A Practical Guide to Sample-based Statistical Distances for Evaluating Generative Models in Science
It addresses the need for researchers in scientific fields to understand and apply statistical distances for evaluating generative models, but it is incremental as it synthesizes existing methods without introducing new ones.
This work tackles the problem of evaluating generative models in science by providing an accessible guide to sample-based statistical distances, demonstrating their application on models from decision-making and medical imaging domains and showing that different distances can yield varying results on similar data.

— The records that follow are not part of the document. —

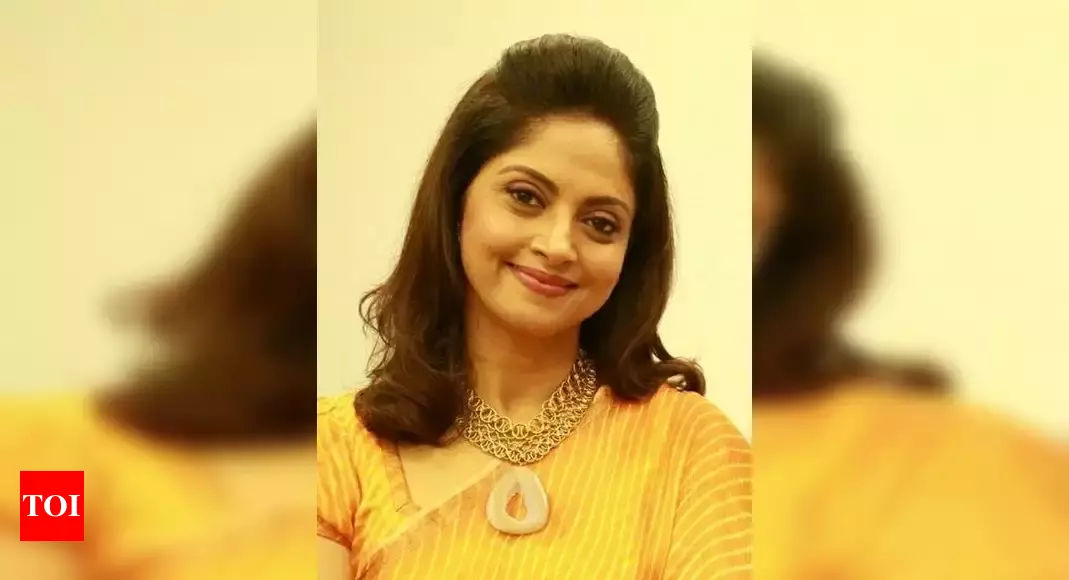 nadhiya.sex photos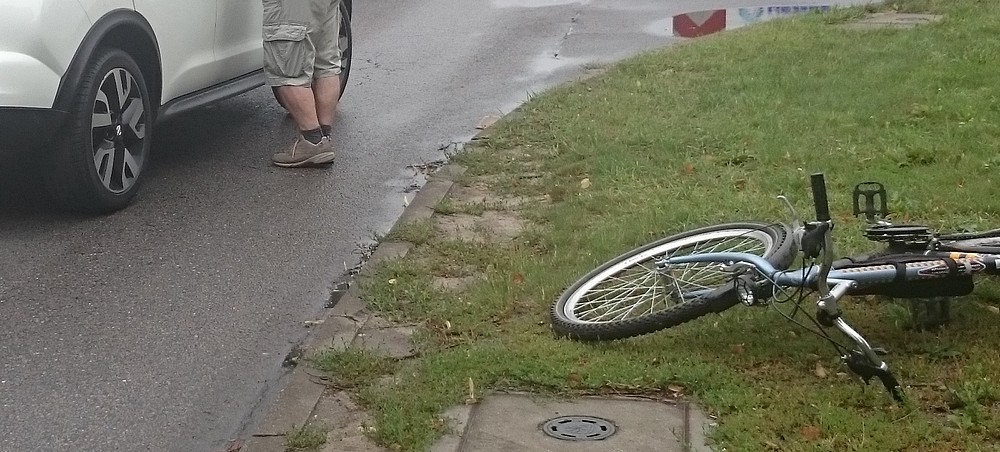 Kolizja z zieloną strzałką w tle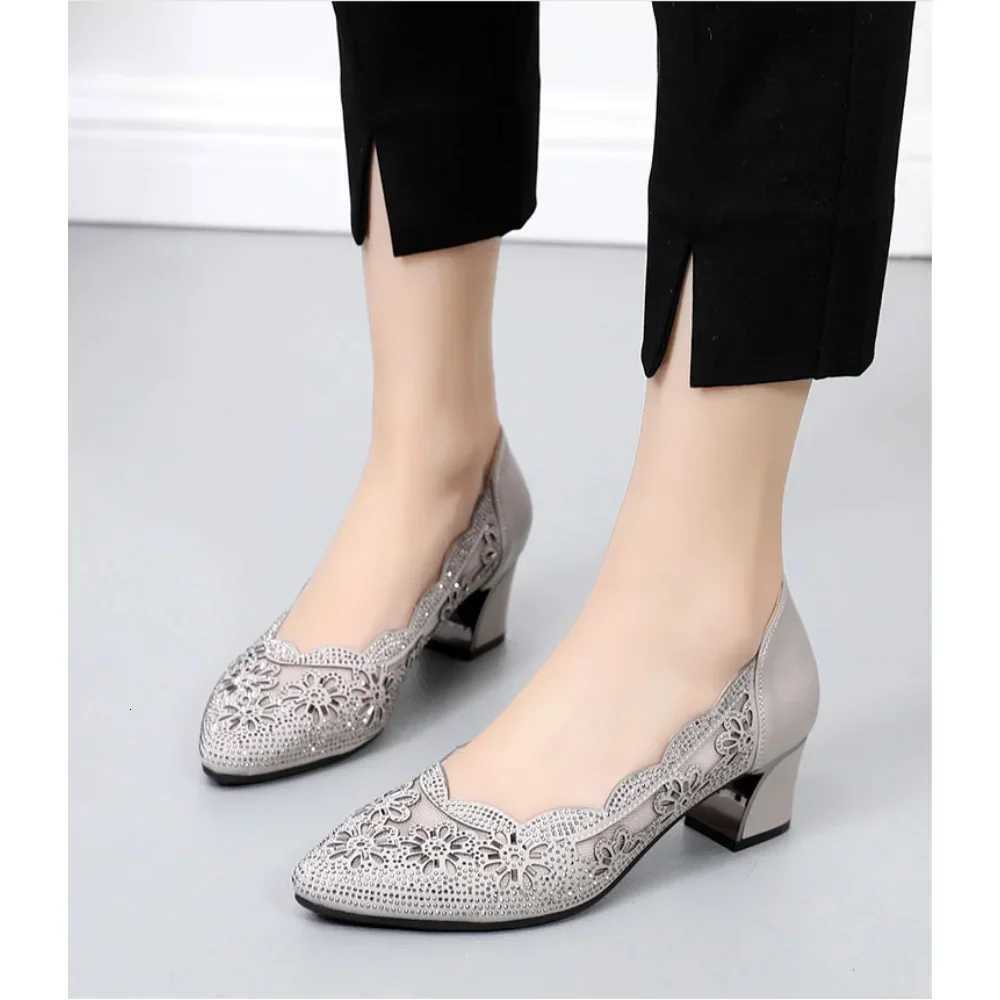 Fashion Hollow Out Genuine Leather Pumps Women Shoes Med Heels Square Diamond Mesh Ladies Office Crystal Pointshoes W250910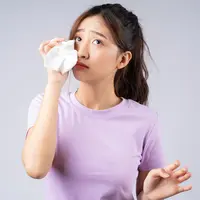 ilustrasi menyeka air mata/TimeImage Production/Shutterstock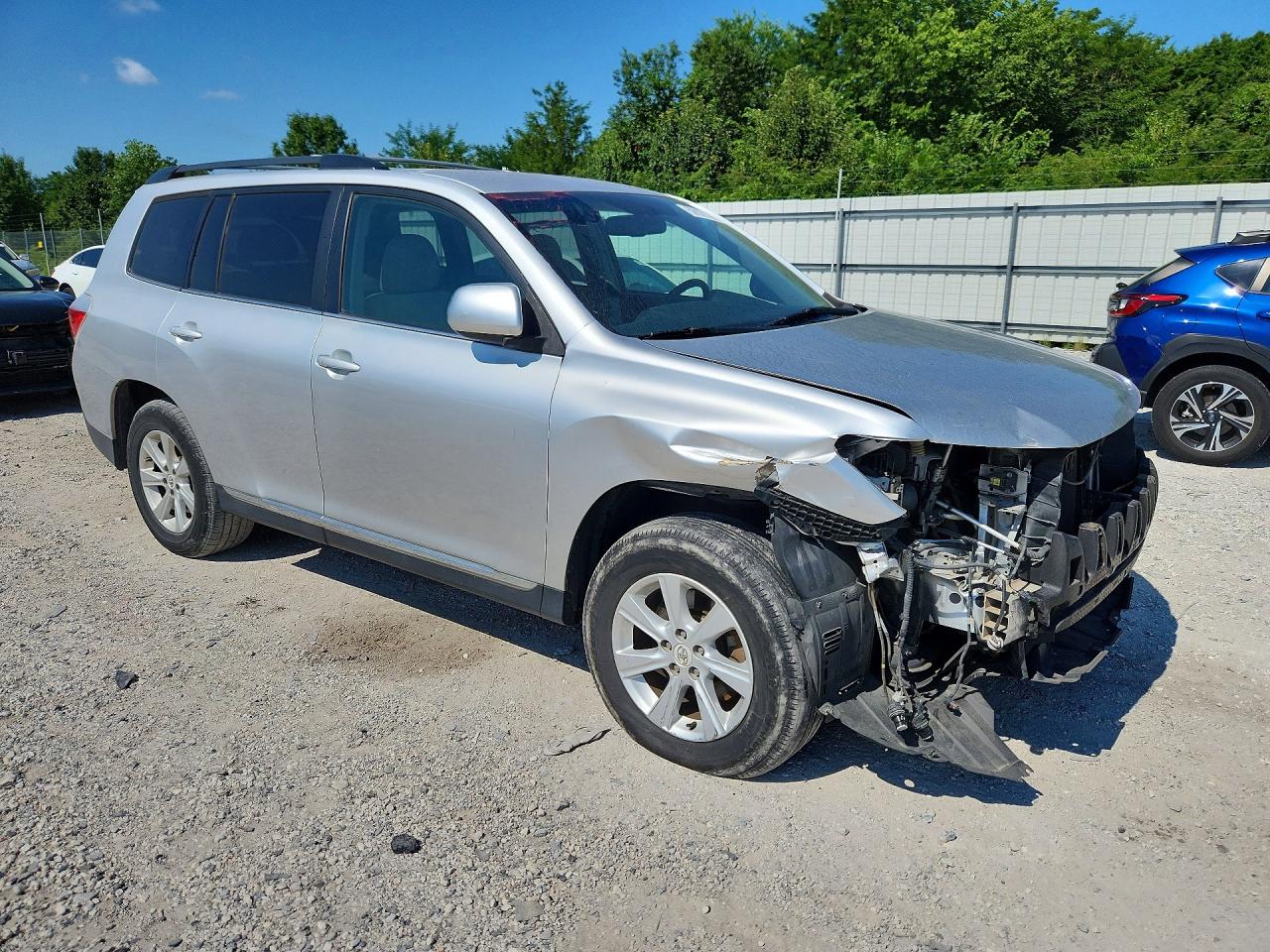 2011 Toyota Highlander Base Silver vin: 5TDBK3EH0BS044633
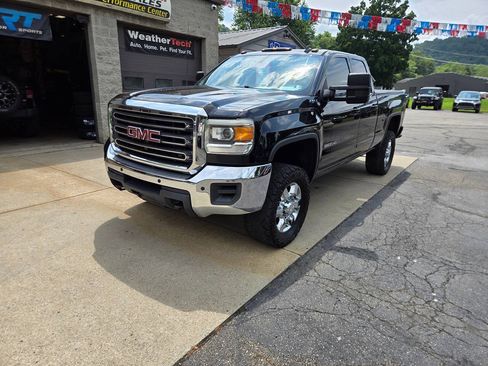 Used 2015 GMC Sierra 2500 SLE AWD/4WD image 3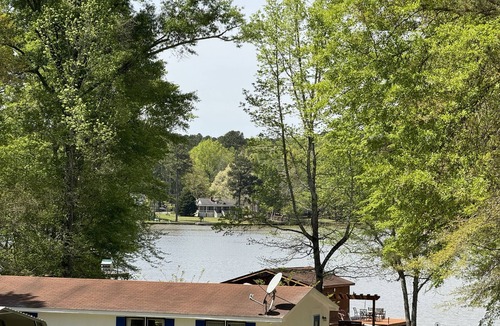 Eatonton House | Lake House beautiful views fishing dock Private boat ramp 7 beds sleeps 11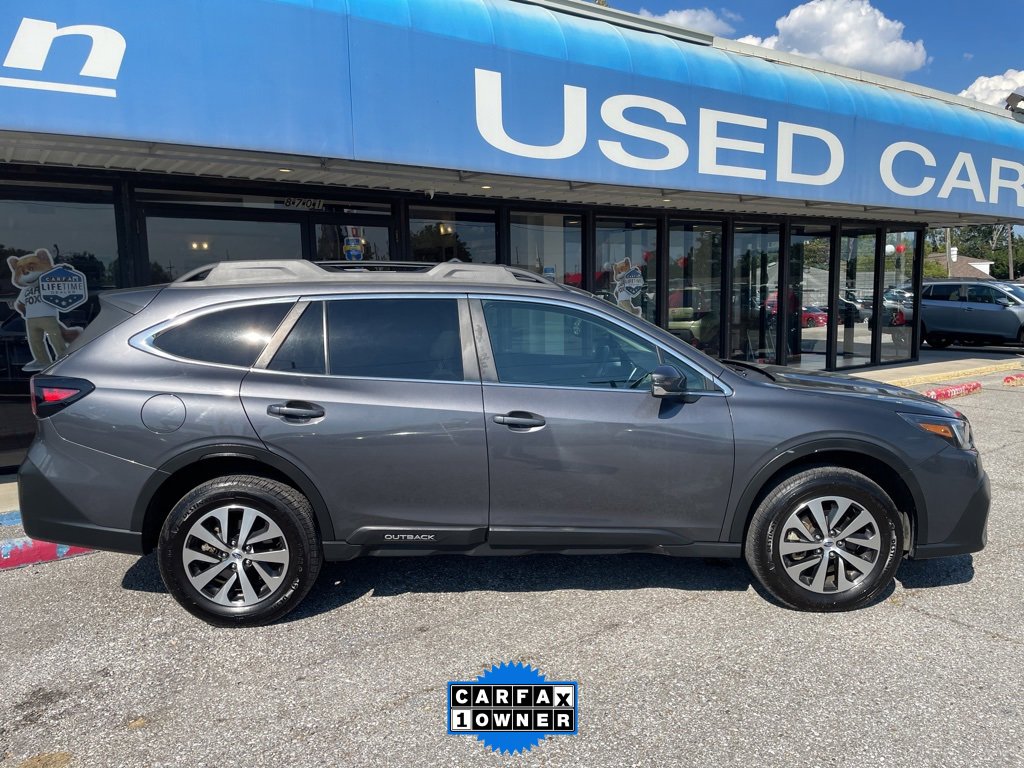 Used 2022 Subaru Outback Premium image 11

Generative models are invaluable in many fields of science because of their ability to capture high-dimensional and complicated distributions, such as photo-realistic images, protein structures, and connectomes. How do we evaluate the samples these models generate? This work aims to provide an accessible entry point to understanding popular sample-based statistical distances, requiring only foundational knowledge in mathematics and statistics. We focus on four commonly used notions of statistical distances representing different methodologies: Using low-dimensional projections (Sliced-Wasserstein; SW), obtaining a distance using classifiers (Classifier Two-Sample Tests; C2ST), using embeddings through kernels (Maximum Mean Discrepancy; MMD), or neural networks (Fréchet Inception Distance; FID). We highlight the intuition behind each distance and explain their merits, scalability, complexity, and pitfalls. To demonstrate how these distances are used in practice, we evaluate generative models from different scientific domains, namely a model of decision-making and a model generating medical images. We showcase that distinct distances can give different results on similar data. Through this guide, we aim to help researchers to use, interpret, and evaluate statistical distances for generative models in science.